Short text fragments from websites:
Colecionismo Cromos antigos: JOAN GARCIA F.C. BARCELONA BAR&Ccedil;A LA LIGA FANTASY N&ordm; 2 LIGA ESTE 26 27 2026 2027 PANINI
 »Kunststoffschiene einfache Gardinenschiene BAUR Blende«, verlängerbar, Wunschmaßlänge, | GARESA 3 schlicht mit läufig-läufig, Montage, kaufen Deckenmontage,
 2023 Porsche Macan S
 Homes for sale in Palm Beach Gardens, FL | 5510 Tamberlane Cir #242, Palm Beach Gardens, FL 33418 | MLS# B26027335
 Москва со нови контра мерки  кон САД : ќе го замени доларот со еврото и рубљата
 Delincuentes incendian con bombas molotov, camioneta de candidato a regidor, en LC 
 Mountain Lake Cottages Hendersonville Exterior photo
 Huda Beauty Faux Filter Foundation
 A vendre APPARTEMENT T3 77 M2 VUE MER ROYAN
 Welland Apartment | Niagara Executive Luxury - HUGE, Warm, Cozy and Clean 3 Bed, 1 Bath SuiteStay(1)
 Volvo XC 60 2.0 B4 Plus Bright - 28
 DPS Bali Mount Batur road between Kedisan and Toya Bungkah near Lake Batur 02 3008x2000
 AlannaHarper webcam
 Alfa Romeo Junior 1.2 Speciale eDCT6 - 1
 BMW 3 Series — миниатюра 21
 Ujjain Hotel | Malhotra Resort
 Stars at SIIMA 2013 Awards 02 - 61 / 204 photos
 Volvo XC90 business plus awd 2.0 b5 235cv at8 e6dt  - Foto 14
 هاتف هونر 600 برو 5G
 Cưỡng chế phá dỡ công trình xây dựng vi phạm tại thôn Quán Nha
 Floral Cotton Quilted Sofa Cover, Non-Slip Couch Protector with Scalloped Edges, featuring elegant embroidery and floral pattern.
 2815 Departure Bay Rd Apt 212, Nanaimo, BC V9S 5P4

**Your goal**
With the line holding "Homes for sale" as the first and the line holding "Huda Beauty Faux Filter Foundation" as the last, set down that range of the entries above exactly, and nothing else.

**Expected answer**
 Homes for sale in Palm Beach Gardens, FL | 5510 Tamberlane Cir #242, Palm Beach Gardens, FL 33418 | MLS# B26027335
 Москва со нови контра мерки  кон САД : ќе го замени доларот со еврото и рубљата
 Delincuentes incendian con bombas molotov, camioneta de candidato a regidor, en LC 
 Mountain Lake Cottages Hendersonville Exterior photo
 Huda Beauty Faux Filter Foundation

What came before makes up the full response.